Può la diplomazia aiutare l’economia? Secondo gli esperti di Prometeia e di Confindustria, sì. L’argomento è stato discusso ieri mattina nella sede romani dell’associazione degli industriali, alla presenza del presidente di Confindustria, Vincenzo Boccia e del ministro degli Esteri, Angelino Alfano, intervenuti davanti a una ricca platea di manager e imprenditori (tra cui gli azionisti di Trevi e Mermec)  e coordinati da Antonio Polito del Corsera.

POTERE DELLA DIPLOMAZIA

Il punto di partenza è questo? Essendo l’Italia un Paese a maggioranza di piccole e medie imprese, spesso e volentieri queste aziende non hanno la struttura necessaria per sbarcare nei mercati più appetitosi. Tantomeno per aggiudicarsi le gare per la realizzazione di progetto, il grosso dei quali legato alle infrastrutture e all’energia. E qui, secondo Prometeia, entrano in gioco le feluche. Che tramite un sottile lavorio sulle autorità locali aumentano il pressing sui centri di potere, spianando la strada alle aziende italiane. Se non altro permettendo la partecipazione al bando. Non sono parole in libertà, ci sono i numeri a certificare il ruolo determinante della diplomazia nel business all’estero.

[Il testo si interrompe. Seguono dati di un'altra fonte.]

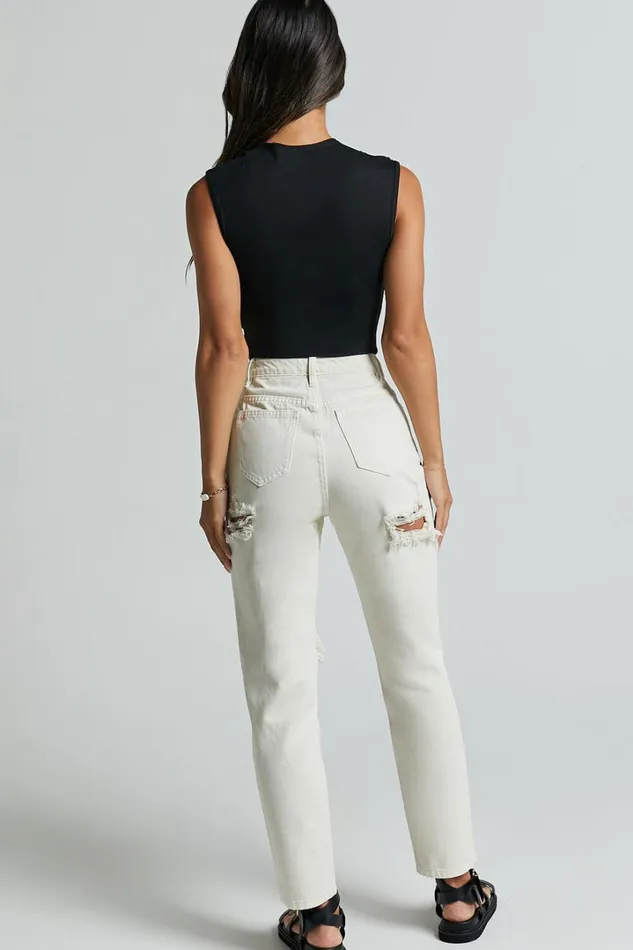 Billie Jeans 8211 High Waisted Cotton Distressed Mom Denim Jeans In Ecru Women Showpo Jeans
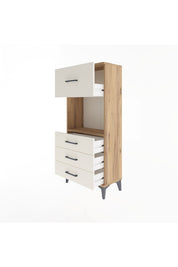 Arges Dolap Tek Raflı 4 Çekmeceli 60x30x134 Çam-Aytaşı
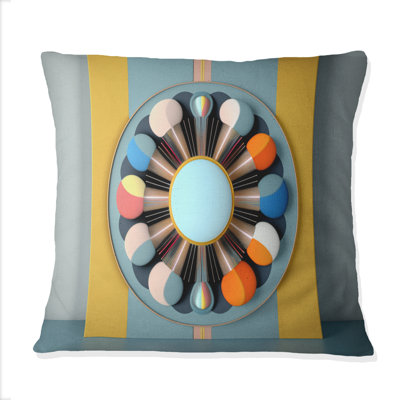 Circle Dimensions In Pastel Tones IV - Abstract Geometric Printed Throw Pillow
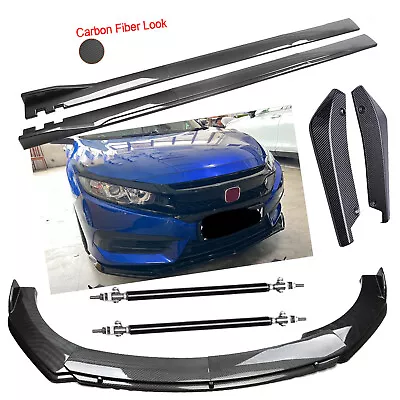 Front Bumper Lip Rear Splitter Spoiler For Honda Civic Type R Carbon Fiber Bod • $129.99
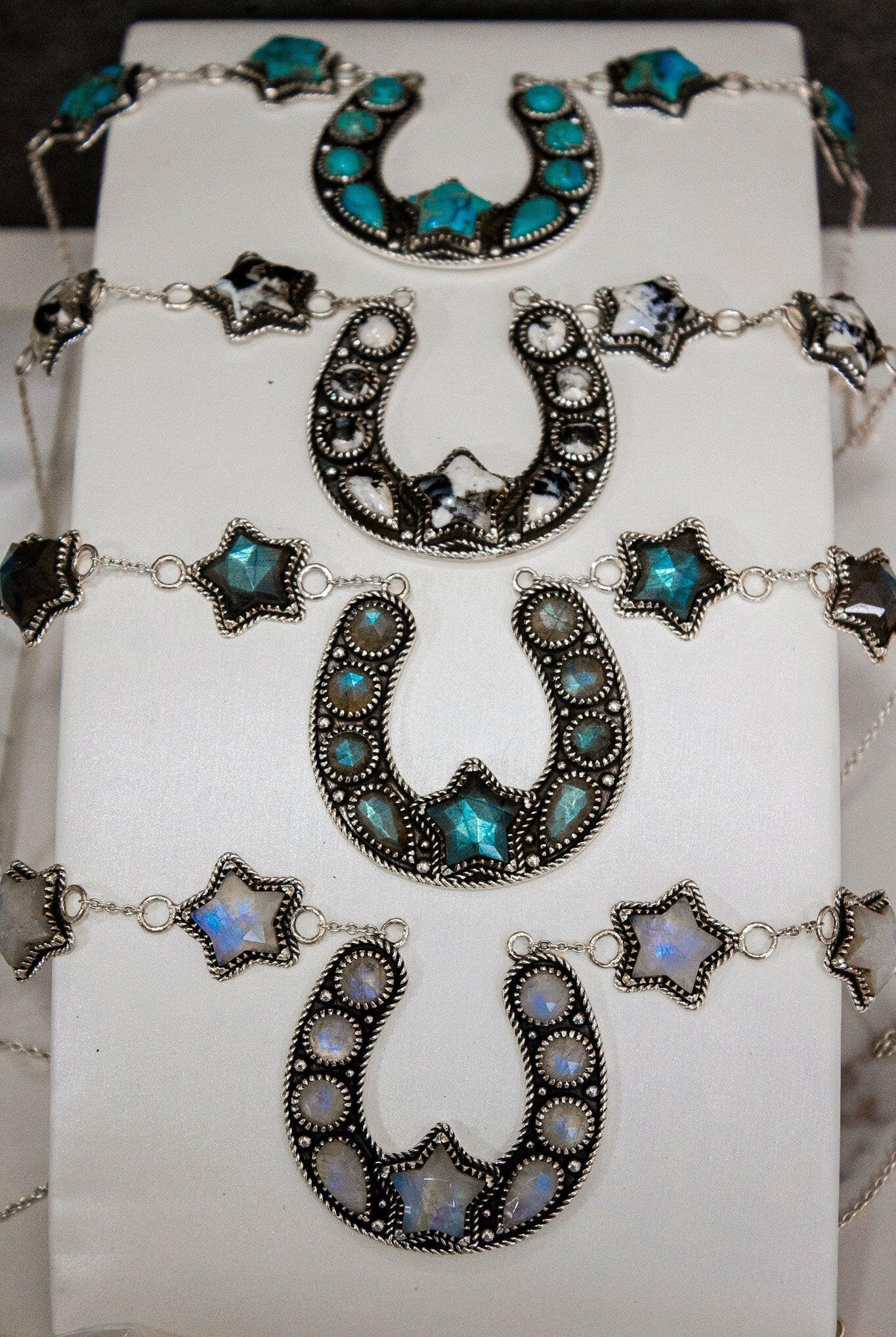 In The Night Horseshoe Stone Necklace-Chain Necklaces-Krush Kandy, Women's Online Fashion Boutique Located in Phoenix, Arizona (Scottsdale Area)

COSI’ CONSOLATI E AMBASCIATE SPINGONO IL PIL

Negli ultimi due anni sono stati 756 i progetti avviati all’estero, dunque vinti, da 330 imprese italiane grazie al supporto delle strutture diplomatiche, ambasciate e consolati in primis. L’azione della diplomazia tricolore si è svolta in particolare lungo tre binari: sensibilizzazione delle autorità locali, richiamando la loro attenzione verso la partecipazione di aziende italiane, risoluzione di eventuali controversie e sviluppo del business con le medesime autorità. Il tutto ha permesso a gruppi più o meno grandi di generare, per il solo territorio italiano, un valore aggiunto di 16 miliardi di euro, frutto di un fatturato complessivo di 52 miliardi. In altre parole, si tratta dei soldi portati in Italia grazie a progetti realizzati altrove e il cui ammontare corrisponde all’1,1% del pil italiano. E la diplomazia fa bene anche alle casse pubbliche. I 16 miliardi incamerati grazie al business estero ha fruttato infatti negli ultimi due anni 6,7 miliardi di gettito e procurato lavoro a 234 mila persone, il grosso dei quali, ovviamente, oltreconfine.

I SETTORI COINVOLTI

Ad oggi la diplomazia italiana coordinata dalla Farnesina ha permesso alle imprese italiane di concludere affari in una novantina di Paesi, soprattutto nell’Africa del Nord e in Medio Oriente. Tra i settori oggetto dell’attenzione delle feluche, la Meccanica (86 progetti), le costruzioni (50), le navi (15), l’energia (11) e l’alimentare (9). Il grosso degli oltre 700 progetti inoltre, vanta un fatturato sopra i 50 milioni, mentre un buon 30% è compreso tra i 10 e i 30.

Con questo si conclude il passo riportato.